A Sra Administradora da Insolvência foi notificada para se pronunciar e no seguimento disse não ver interesse na apensação do processo pelo que o mesmo deveria ser indeferido.
Foi proferido o seguinte despacho:
Atenta a posição manifestada pela Senhora Administradora da Insolvência e considerando o disposto no artigo 85.°, n.° 1, do Código da Insolvência e Recuperação de Empresas, indefere-se a requerida apensação.
Notifique.
A referida execução foi instaurada por JP... contra AV..., JV... e NV..., tendo como título executivo sentença proferida em 07.04.2011 em que os executados foram condenados a pagar-lhe a quantia de € 173.822,11, acrescida de juros. Foi indicado à penhora o seguinte bem : Terreno destinado a construções, confrontando a norte G…, sul lotes 1,2,3,4 e 9, nascente MDM... e poente JML, com a área de 15448,18m2 e com o valor patrimonial tributável de € 371.954,13 (trezentos e setenta e um mil, novecentos e cinquenta e quatro euros e treze cêntimos).

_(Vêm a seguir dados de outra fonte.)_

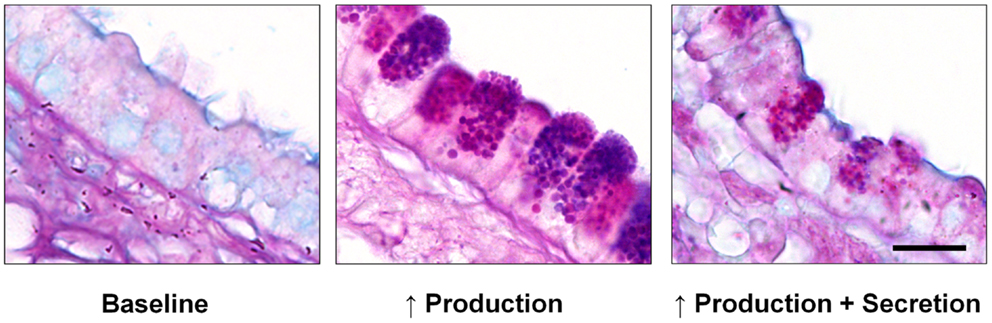 Risultati immagini per mucin-producing cells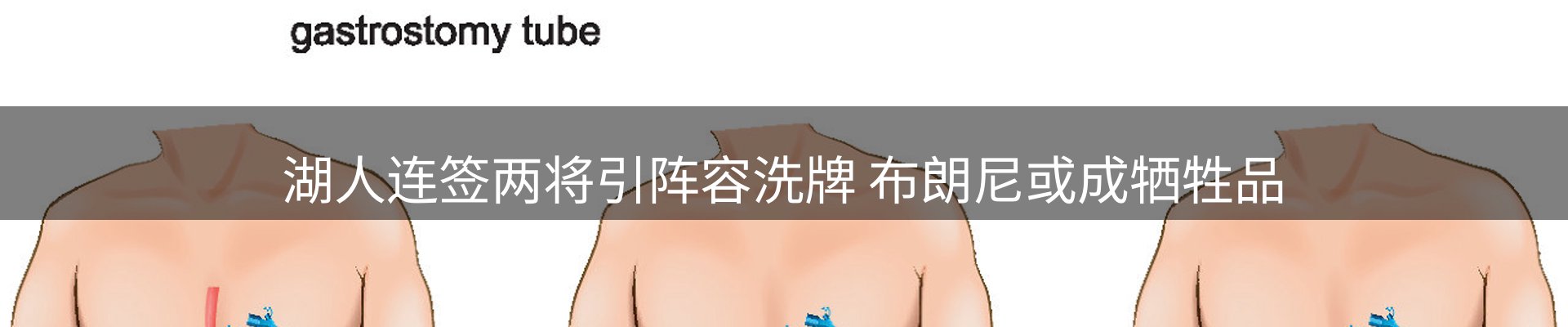 新闻资讯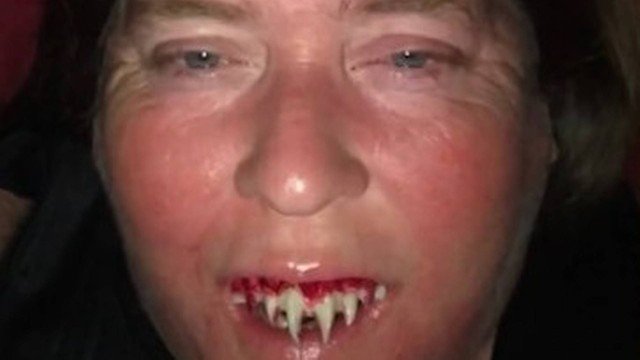 Mulher compra dentes postiços de vampiro para fantasia e pior acontece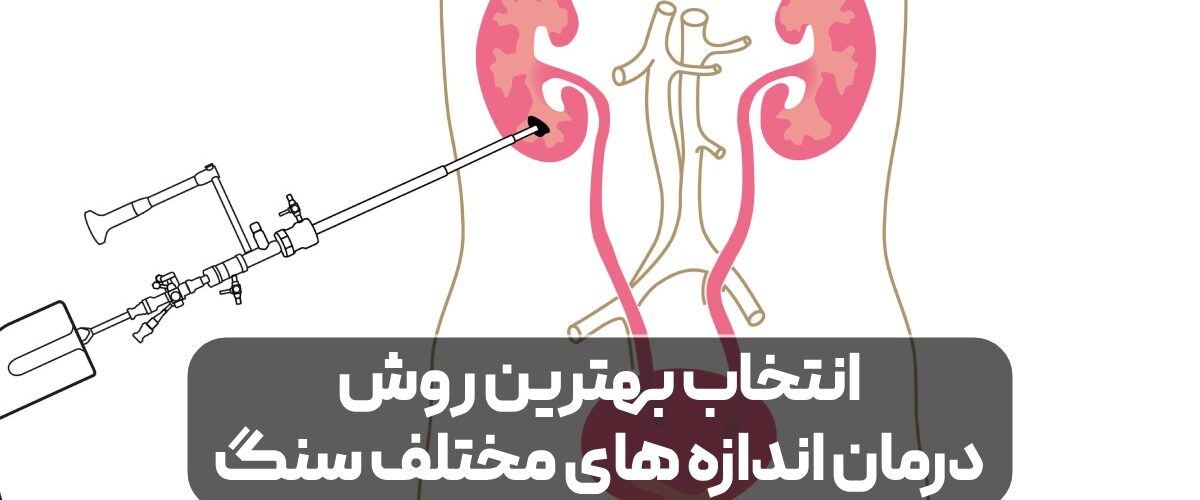 بهترین روش درمان اندازه های مختلف سنگ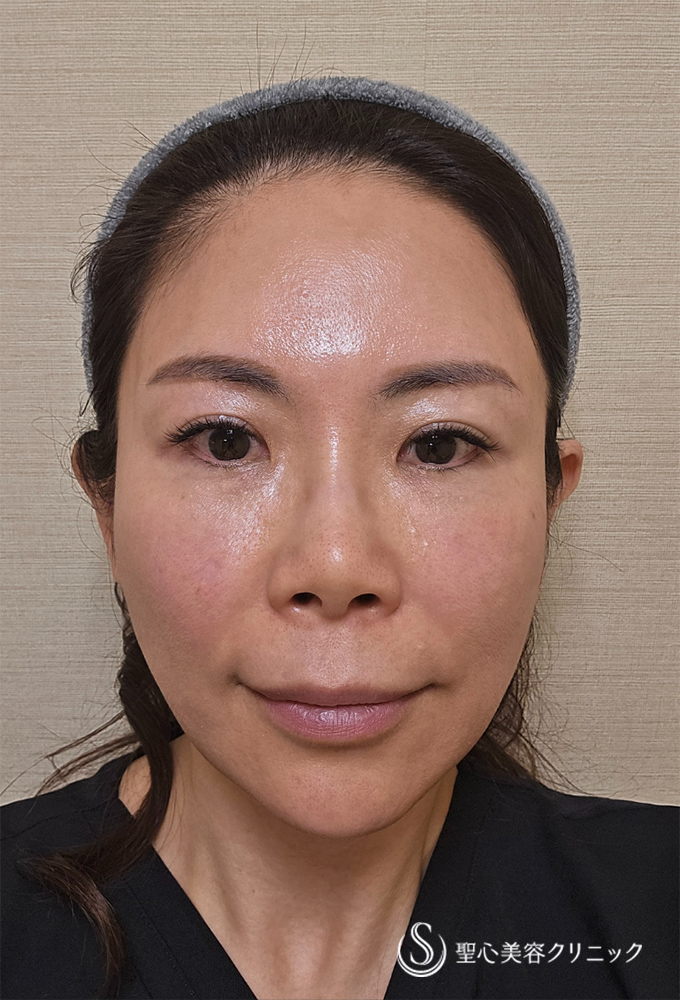【50歳女性・もっと小顔に】ドクターDENSITY（デンシティ）（1回後） After 
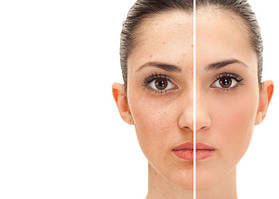 Skin Type, Hyperpigmentation, Sun Damaged Skin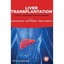 Liver Transplantation: Clinical Assessment and Management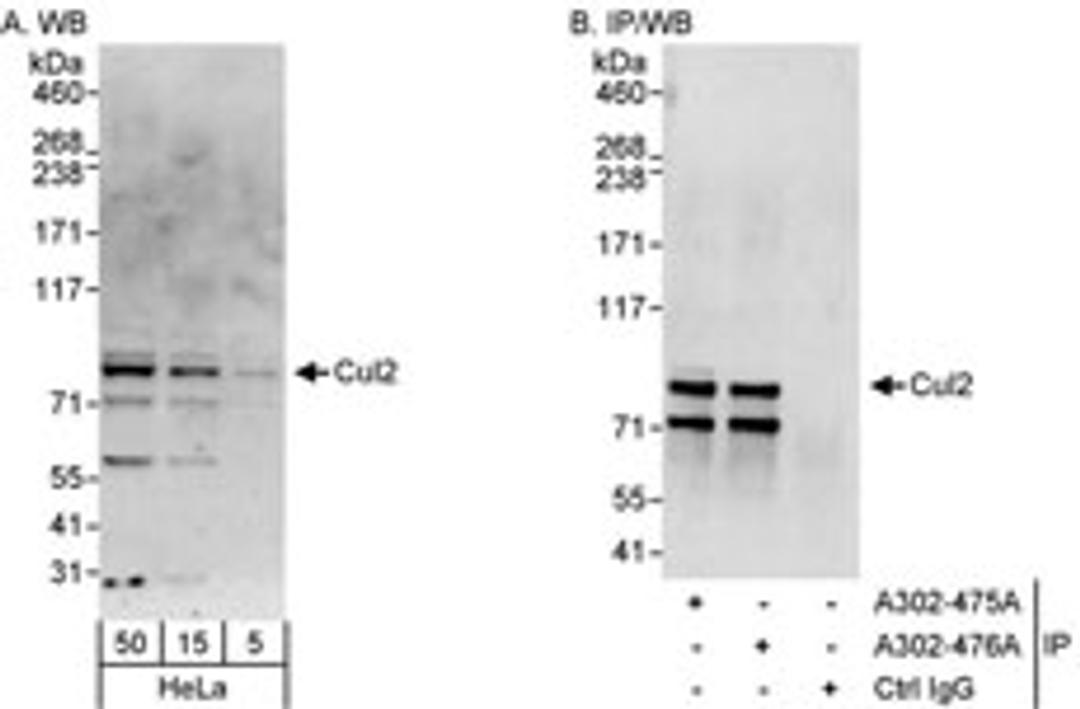 Detection of human Cul2 by western blot and immunoprecipitation.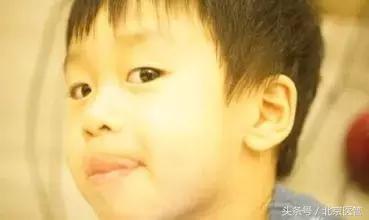 嘴唇干裂怎么快速恢复润唇膏,嘴唇干裂怎么润唇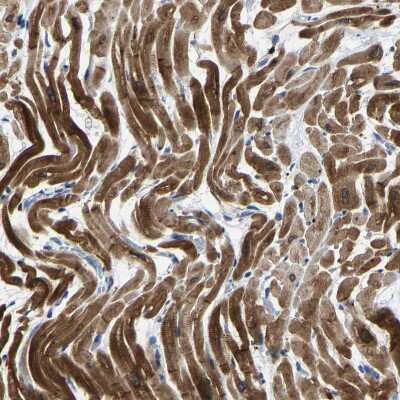 Immunohistochemistry-Paraffin: Acylglycerol Kinase Antibody [NBP1-83825]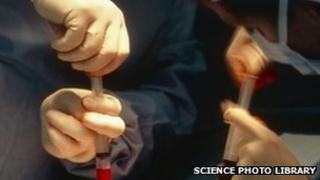 Bone marrow transplant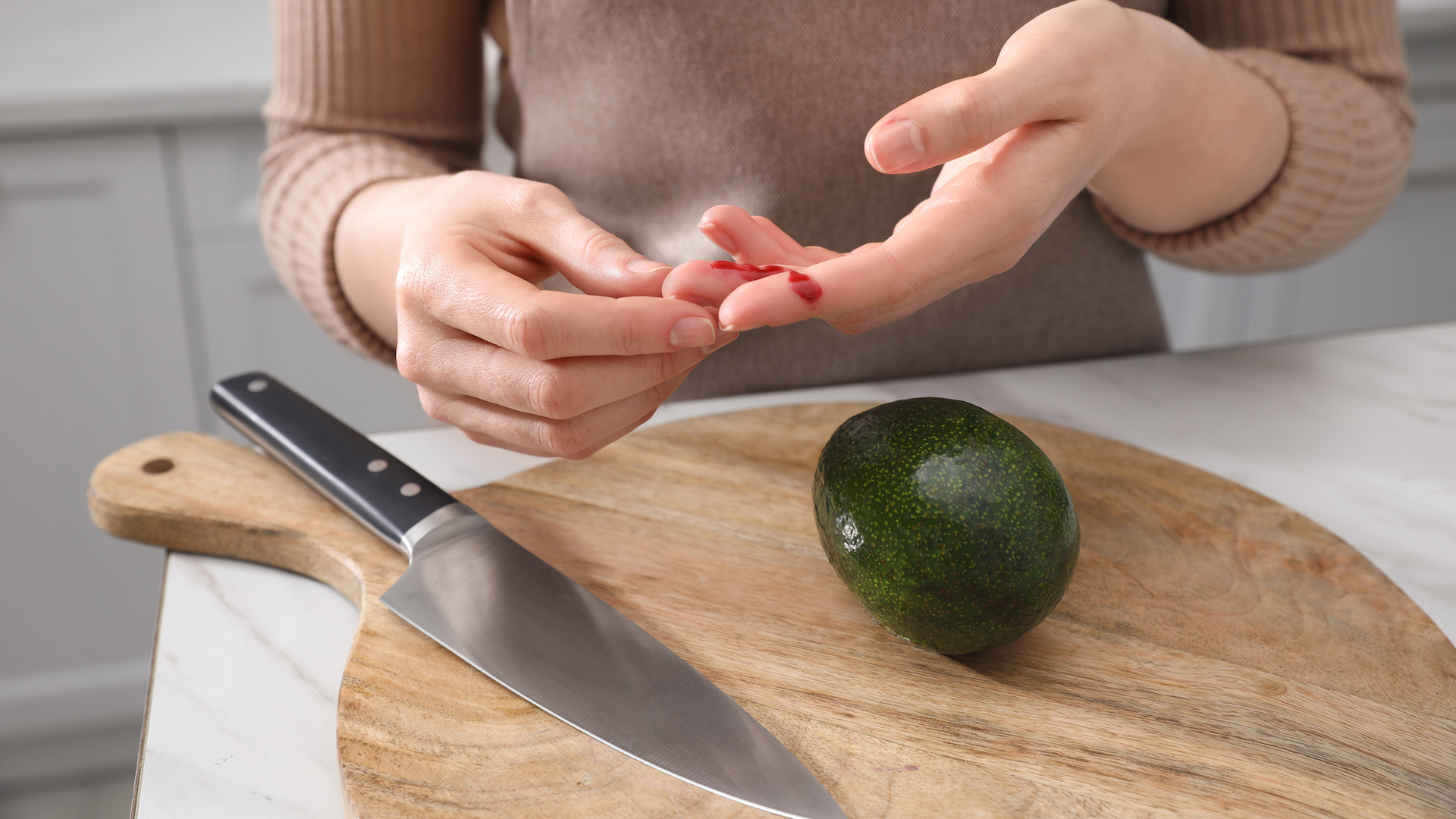 Fotografia de uma mão com um pequeno corte ao lado de uma faca e uma tábua de cortar.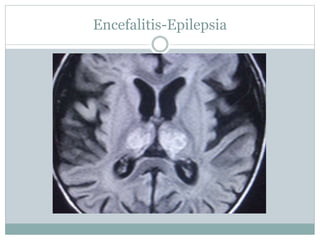 Encefalitis-Epilepsia
 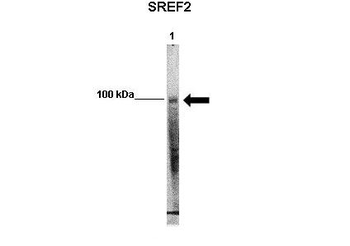 SREBF2 Rabbit Polyclonal Antibody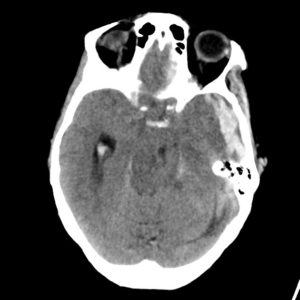 Tụ máu dưới màng cứng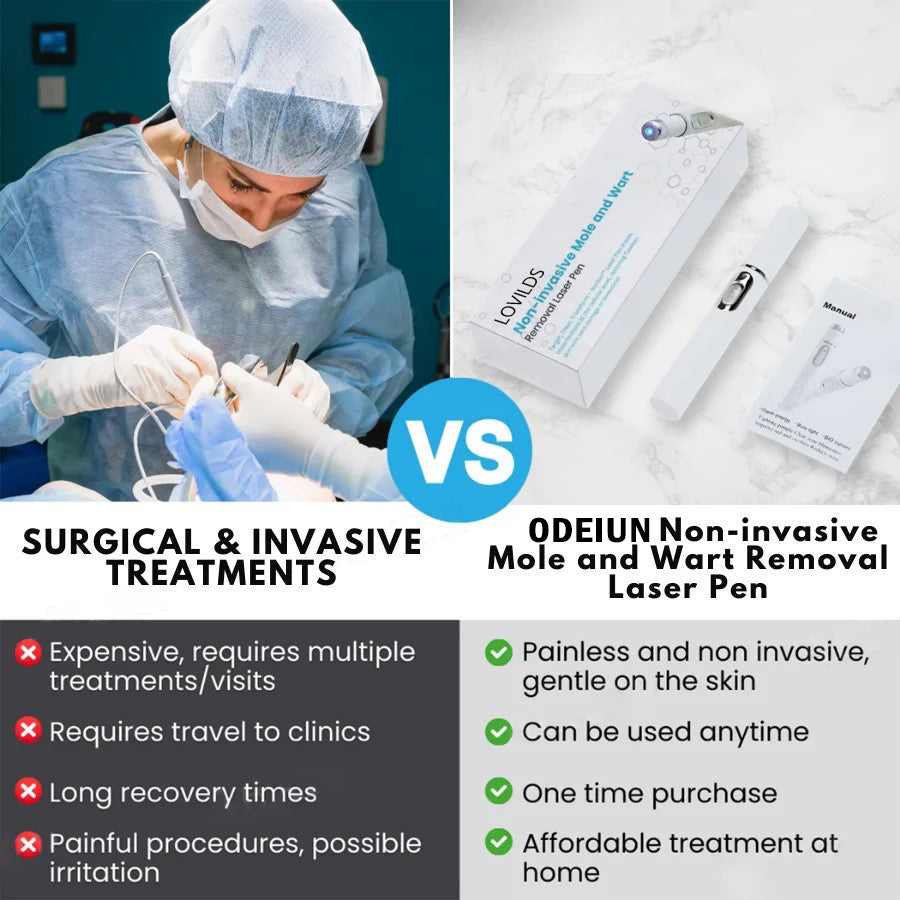 š„ćOFFICIAL STOREćODEIUN⢠Non-Invasive Mole and Wart Removal Laser Pen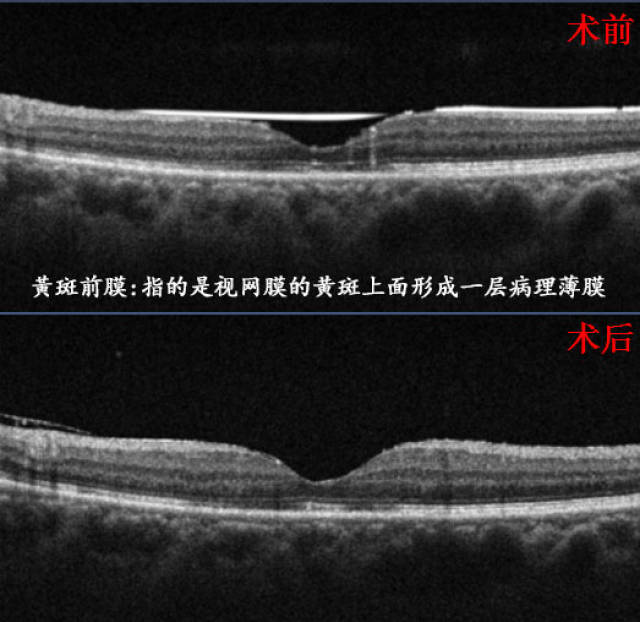 治疗黄斑前膜手术可谓是唯一出路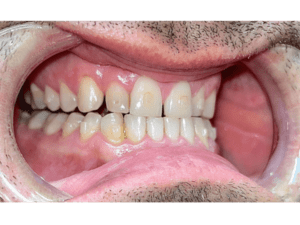 Zuby po 3 měsících s neviditelnými rovnátky - pravá strana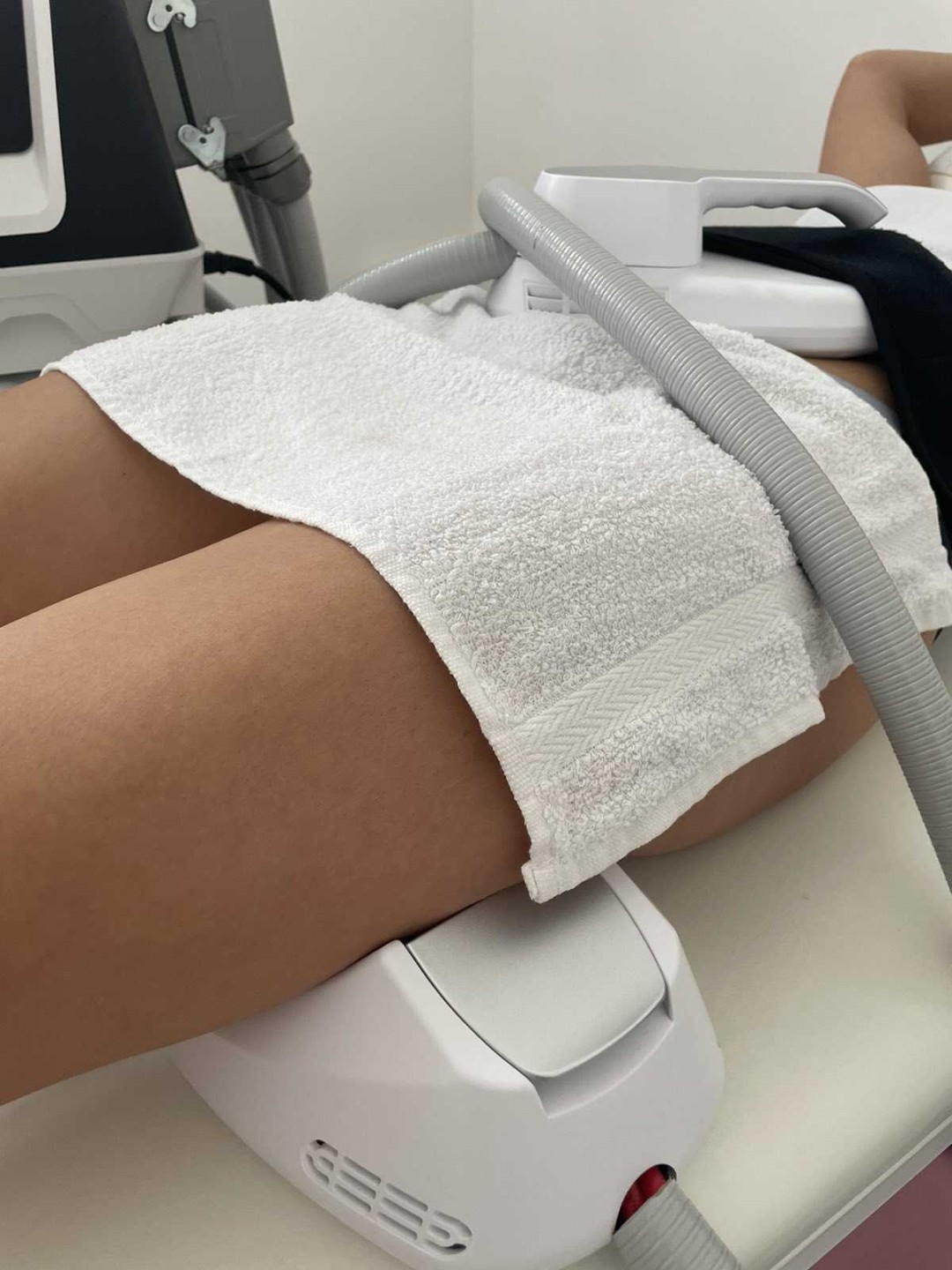 Signature #tuzla EMS trening EMS Sculpt - 4 sonde - paket od 8 tretmana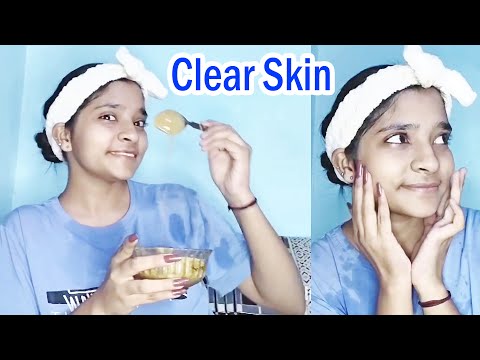 How to Remove Dark Patches on Face | How to Remove Dark Spots Caused by Pimples or Hyperpigmentation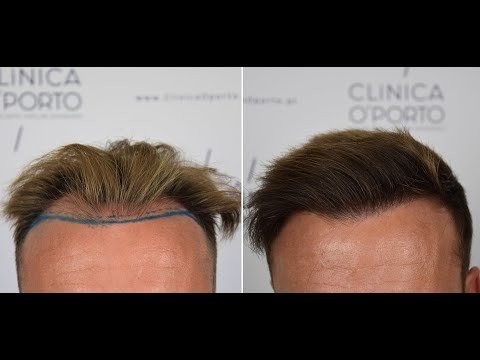dr-bruno-pinto---047---paciente-"ngls!"---2.545-grafts---injerto-capilar---clínica-oporto.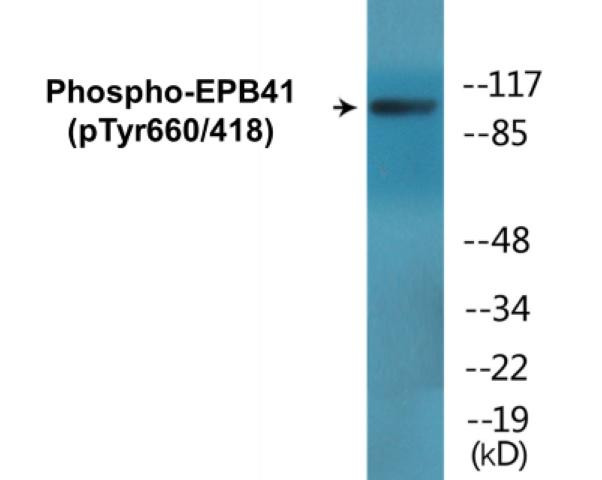 EPB41 (Phospho-Tyr660/418)Colorimetric Cell-Based ELISA Kit (CBCAB01679)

Inconformada, MN..., recorreu, apresentando as seguintes conclusões das alegações:
A.- Devem ser apensos ao processo de insolvência todas as execuções com efeitos processuais e patrimoniais na massa insolvente, por força do disposto no artigo 85.1.2 do Código de Insolvência.
B.- Nos autos de processo Executivo n.° … estão penhorados bens que fazem parte da massa insolvente.
C.- Logo aqueles autos deveriam ser mandados apensar a estes.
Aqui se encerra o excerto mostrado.